Date: Fri, 2 Mar 2001 21:57:53 +0100

Douglas A. Gwyn <[EMAIL PROTECTED]> wrote:


> > But here, people seem to use randomness in the sense of
> > unpredictability, but that's something different. Why? Because if a
> > TRNG happens to output 1 a few hundred times in sequence, which is
> > quite inprobable but can happen, then there should be a high-probability
> > that next time it will output a 0.
> 
> No, that's the Gambler's Fallacy.  Each successive sample of a TRNG
> is independent of all previous samples; its probabilities are
> determined by the (unchanging) PDF and by nothing else.

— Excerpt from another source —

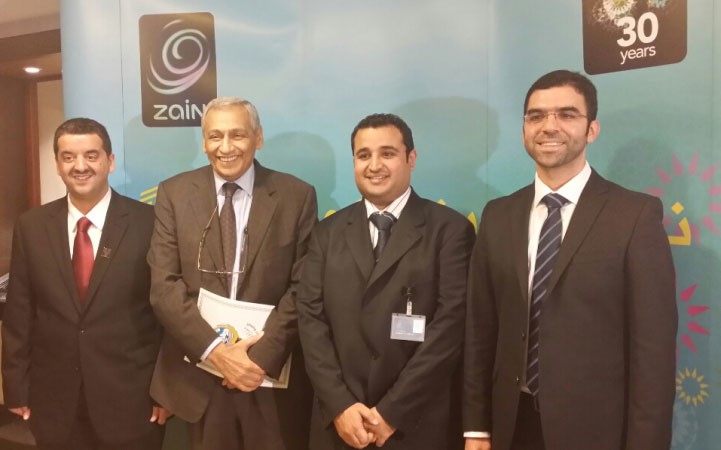 زيارة سفير الكويت في بريطانيا خالد الدويسان لجناح زين﻿
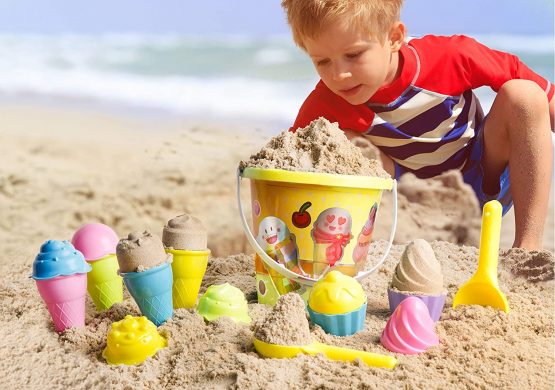 Top Race Beach Set, Ice Cream and Cake Series Mould Set, 14 Piece Set with Large 9 Inch Ice Cream Bucket, Yellow or Blue (Yellow) - Image 3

Okay, thanks for the clarification. That sounds striking to me. However,
it has two consequences: (1) In the roulette winning strategy, it would
not matter at all wether I put my bet on the other half (say odd) or
wether I stay with the one I've lost with (say even). Sounds plausible.
(2) wouldn't that mean, that it's wrong to say that it's inprobable that
a TRNG will output 100000 subsequent 1's? I mean if each of the sign
events occurs with a probability of 1/2 and is completely independent of
previous outputs, why shouldn't 100000 subsequent 1's be as probable as
the sequence a TRNG actually should and does output?

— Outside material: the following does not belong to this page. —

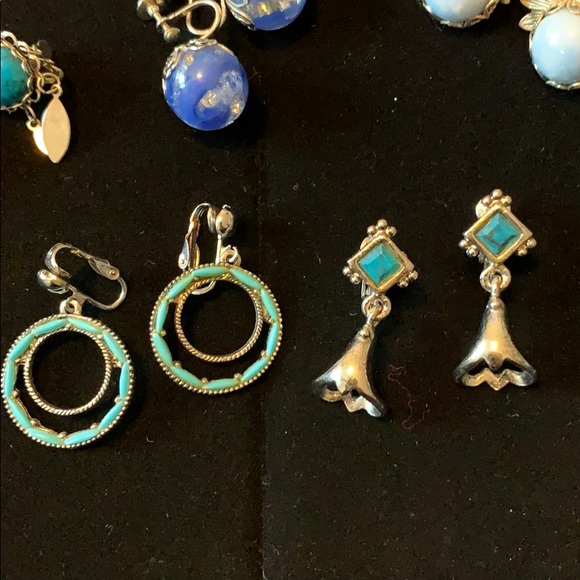 Feeling Blue Bundle of Vintage clip on earrings - Picture 3 of 8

Is the inprobability of such sequences an axiom or mere hypostasis in
probability theory, or is it indeed wrong to claim that such sequences
are inprobable? (I'm talking about true random sequences, it's clear to
me that randomness in cryptography has to conform to additional
restrictions.)

> > That's of course the reason why there's a limit in roulette, because
> > otherwise you could use the well-known strategy to bet on odd, double
> > the amount of money if you loose and bet it on even and so on, or
> > start from the beginning if you win.
> 
> The reason for a limit to to ensure that the House can pay off any
> winning bet, no matter how lucky the player gets.  The doubling

only one reason, the other reason is to prevent Bill Gates from winning
with the above winning strategy...

> strategy does not work; each play is expected to lose the standard
> house percentage (5.26%), so when played a sufficiently large number
> of times the expected loss is around 5.26% of the sum of all bets.

I might be wrong but that seems marginal compared to the win which is
the double amount of the sum of all bets.

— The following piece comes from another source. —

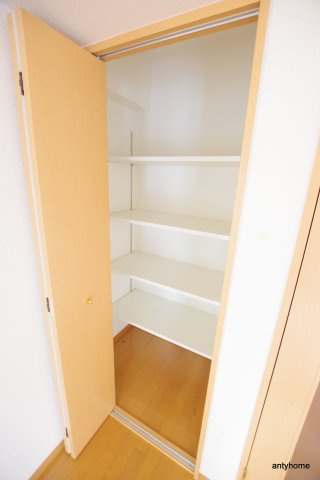 アースブルージュ　仲介手数料無料の収納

> Another way of looking at it is that if you start with $1000 and
> intend to keep playing until you end up with $1000000, the odds are
> that you'll go bankrupt before reaching your goal.

That of course is the actual problem. Even Bill Gates might run into
troubles with such an exponential growth the system requires....

> > I've understood the original question in the way, wether there is a
> > sign-system not invented by humans, that could be applied to true
> > random sequences and convey some information (in the ordinary sense
> > of "information"). I don't think so, but anyway, that's a religious
> > question.
> 
> Only to the extent that the discussion becomes irrational.  Any
> countable set of distinguishable signs can be index-numbered and
> used to represent information the same was as any conventional
> sign system, although the *meaning* (and value) of the information
> as judged by some human depends on the sign system.  Signs as such
> really have nothing to do with the issue of information content,
> but rather with its interpretation.  For example, I can encode any

Sure, the sender encodes a message of the sign system into signals the
channel can carry, the signals get transmitted via the channel, and the
receiver decodes the signals into the message of the sign system. But
the interesting thing about applying information theory is that at least
you have to make assumptions about the sign system used, and the sign
system includes the interpretation of the signs. Take for example
jpeg-compression. To say that this kind of compression is lossy does
only make sense relative to a sign system under consideration. Why?
Because if I transmit large black squares and circles through the
jpeg-channel, then the jpeg-compression (encoding/decoding) isn't lossy
at all, because the encoding of black squares and circles in pictures is
hopelessly redundant anyway. 

> integer in a base-64 system commonly used for embedding binary data
> in e-mail sent via the SMTP protocol; this system uses digits and
> letters of the English alphabet but does not have any meaning as
> English language.  Those characters just serve as a convenient set
> of distinguishable symbols in terms of which we encode arbitrary
> information.

It's the signals you're talking about. Maybe I have the model wrong in
my mind, but to me it looks like:

sign system[sender (produces message/encoding)]-->signals (transmitted
over channel with error sources)-->sign system[receiver (retrieves
message/decoding)]

The square brackets are not for denoting functions, but for indicating a
box in the figure...

Encoding and decoding only makes sense relative to the sign system used,
and you cannot interpret the signals in any meaningful way without
assuming properties of the sign system in use.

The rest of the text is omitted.